> YOUR OBJECTIVE
Copy out exactly, from the entries that follow, the line holding "Light Fleece Half Zipped Sweatshirt", the line holding "U Kuliga, Sauna, Jacuzzi בית נופש", and all lines between them, but no pictures.

> TASK INPUT
- - - -

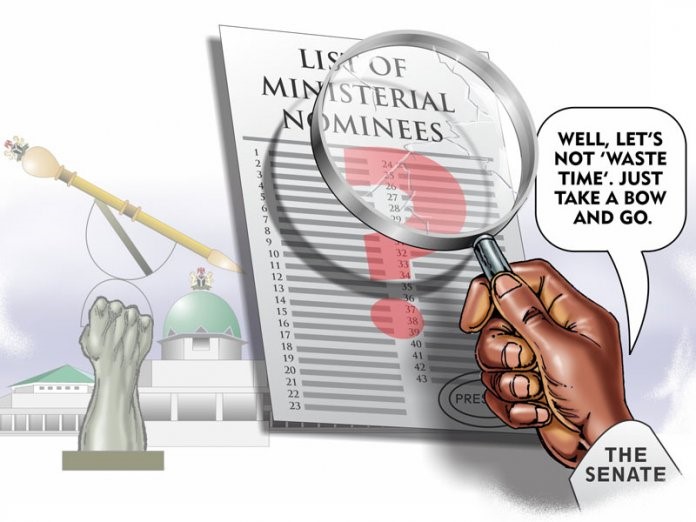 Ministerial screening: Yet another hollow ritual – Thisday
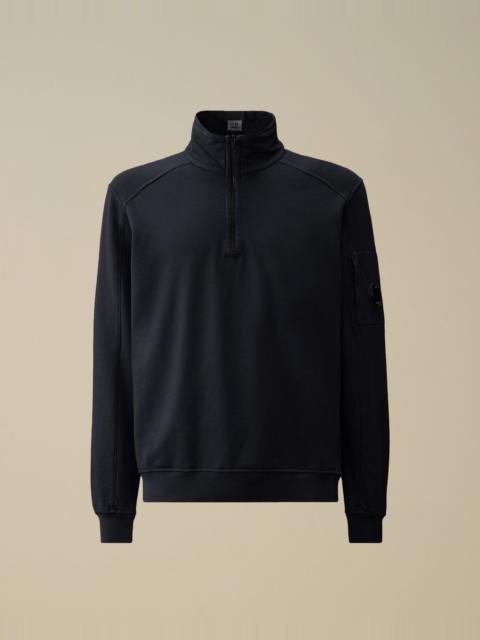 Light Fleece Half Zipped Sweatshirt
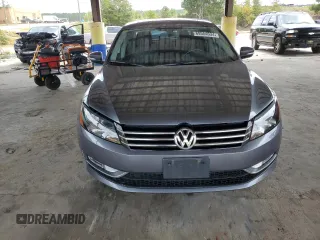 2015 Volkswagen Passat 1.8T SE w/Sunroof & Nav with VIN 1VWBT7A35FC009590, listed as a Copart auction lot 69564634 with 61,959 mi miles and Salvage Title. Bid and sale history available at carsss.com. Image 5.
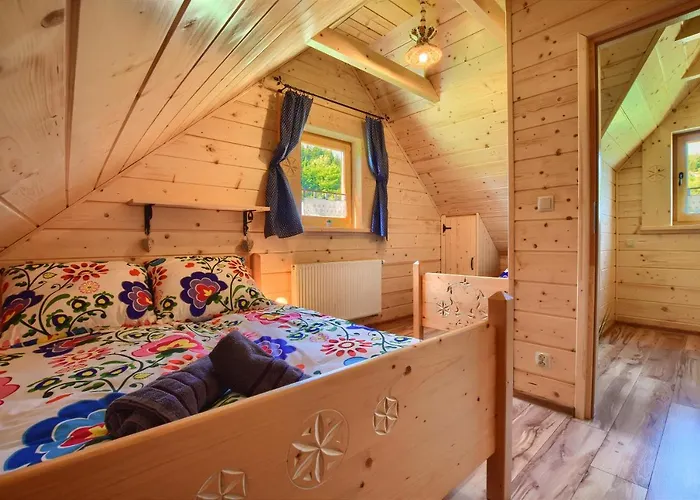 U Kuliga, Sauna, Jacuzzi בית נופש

- - - -

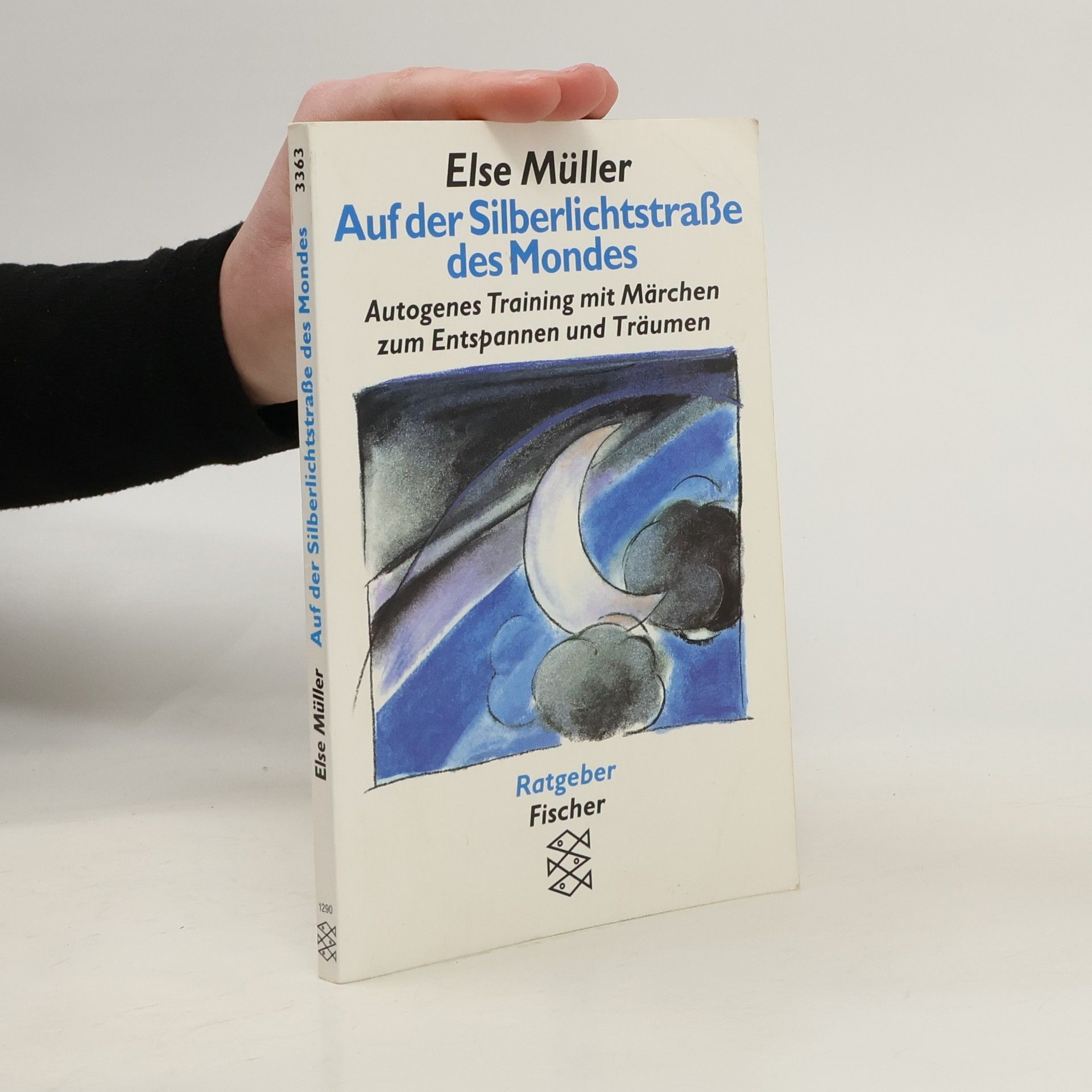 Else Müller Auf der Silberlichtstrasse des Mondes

- - - -

> EXERCISE ANSWER
 Light Fleece Half Zipped Sweatshirt
 2015 Volkswagen Passat 1.8T SE w/Sunroof & Nav with VIN 1VWBT7A35FC009590, listed as a Copart auction lot 69564634 with 61,959 mi miles and Salvage Title. Bid and sale history available at carsss.com. Image 5.
 U Kuliga, Sauna, Jacuzzi בית נופש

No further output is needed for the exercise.